A bill from House Financial Services Chairman Jeb Hensarling (R-Texas) would also have blocked all but the biggest investors from chiming in with resolutions. It passed the House in July and is waylaid in the Senate.
Still, Clayton acknowledged how companies can benefit from shareholder suggestions. "History has shown that shareholder proposals can gain traction and lead to corporate governance changes that better track the long-term interests of Main Street investors," he said.
A group of shareholder advocates met with Clayton and William Hinman, head of the SEC’s corporation finance unit, in October at SEC headquarters in Washington to press the case that the shareholder process works well, according to people familiar with the meeting.
"It’s the old if-it-ain’t-broke-don’t-fix-it philosophy," said Adam Kanzer, managing director of corporate engagement for Domini Impact Investments, adding that Clayton doesn’t seem too ideologically entrenched on the topic of shareholder engagement.
Proposals can be a fulcrum to get smaller investors a meeting at a big company, said Kanzer, who wants the current system to remain. "You sit down and talk about the issue," he said. "And that can develop into a good, strong relationship.
"It gets companies to open doors and focus on issues they don’t normally look at," he said. "If you get rid of it, or you make it too difficult, where are you going to go?"
Investors filed record numbers of environmental resolutions after the Paris climate accord of 2015, many zeroing in on how companies were putting their reputations at risk with lackadaisical climate policies (Climatewire, March 9, 2016).
This year, coalitions of small investors and pension funds filed proposals that led to several companies — PPL Corp. and Duke Energy Corp., as well as oil firms Exxon Mobil Corp. and Occidental Petroleum Corp. — agreeing to study climate change (Climatewire, May 31).
"Companies are recognizing that if they’re forward-looking on climate and on their impacts on the environment, then that’s good business," Josh Zinner, CEO of the Interfaith Center on Corporate Responsibility, said in a phone interview. "Investors have really been out front in talking to businesses on the risks of climate."
SEC boss ‘raises many more questions’
During his confirmation process, Clayton, a former Wall Street lawyer, told senators that companies should follow rules the SEC adopted in 2010 that require them to disclose how climate change affects their business. "Public companies should be very mindful of that guidance," he said.
It’s an open secret that the SEC meekly enforces that rule and firms flout it.
Jonas Kron, senior vice president of Trillium Asset Management, appreciated that Clayton noted stockholder proposals can help companies in the long run.
"I guess I’m pleased he recognized that shareholder proposals do match up with the interests of long-term investors," Kron said.

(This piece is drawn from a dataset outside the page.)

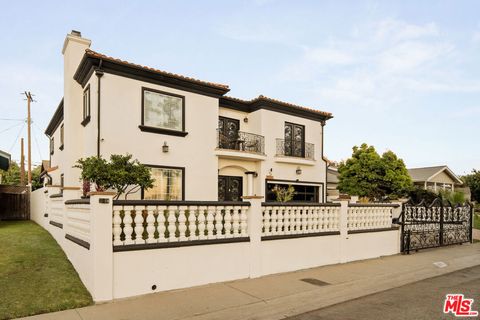 Photo of 8906 Yorktown Avenue, Los Angeles, CA 90045 (MLS # 25605057)
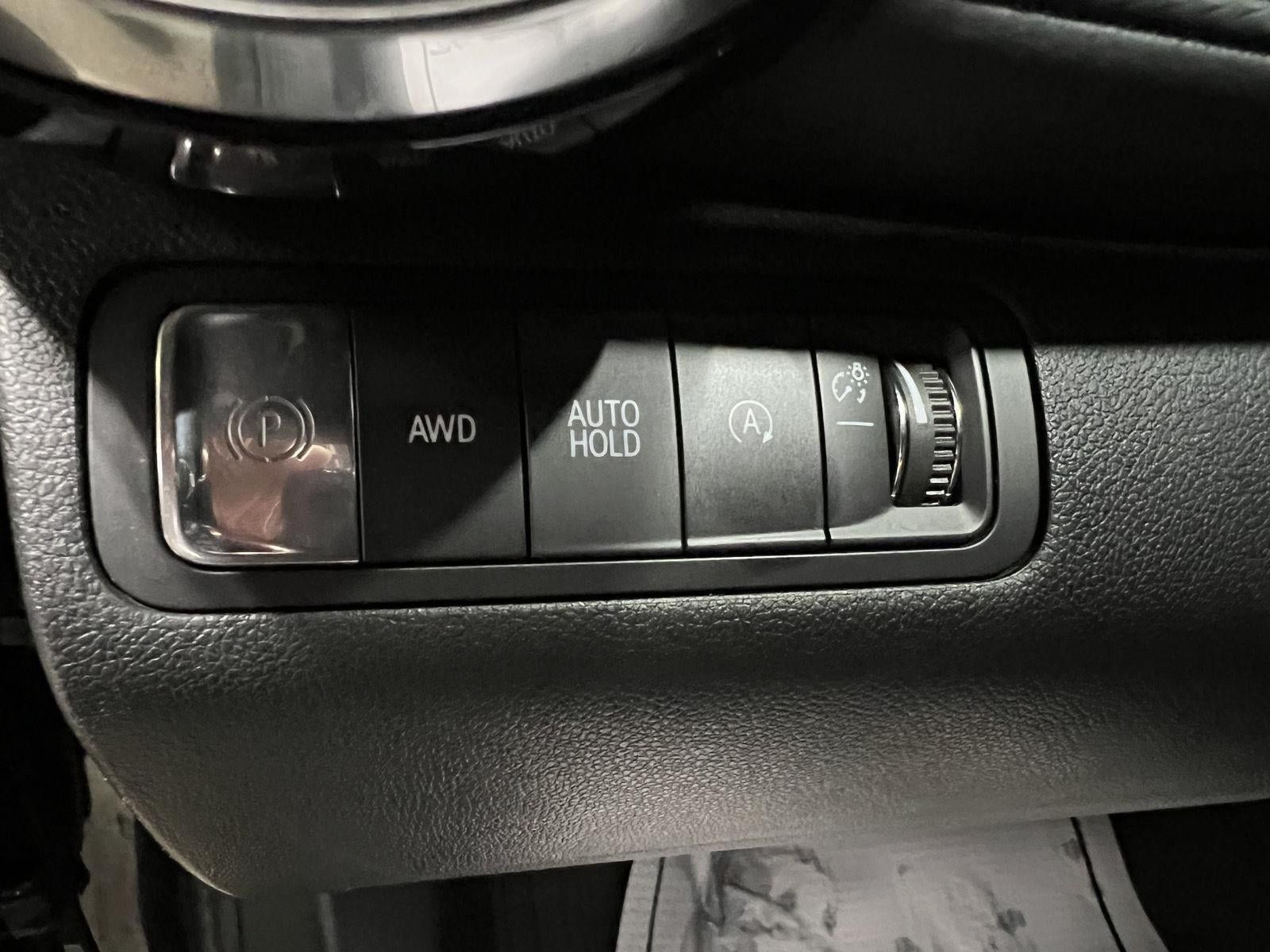 Used 2025 Chevrolet Equinox LT AWD/4WD image 14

He said he found the speech cryptic. "It raises many more questions than it answers."
No matter what, Clayton opened the door to overhauling the relationship many investors hold with companies they own. That’s a development Tim Smith, who has advocated for social and environmental causes through this method since the 1970s, found concerning.
The U.S. Chamber has been trying to hobble shareholder rights for years, he said.
"For the last three or five years, it’s been a drumbeat for them," Smith, director of environmental, social and governance share owner engagement for Walden Asset Management, said in an interview. He said Clayton’s comments raised "alarm bells."
After Hensarling’s bill stalled in the Senate, the topic died down in Washington. Thanks to Clayton’s speech, the situation changed.
"It’s moved the debate down the spectrum," Smith said. "Now it’s being actively discussed within the SEC."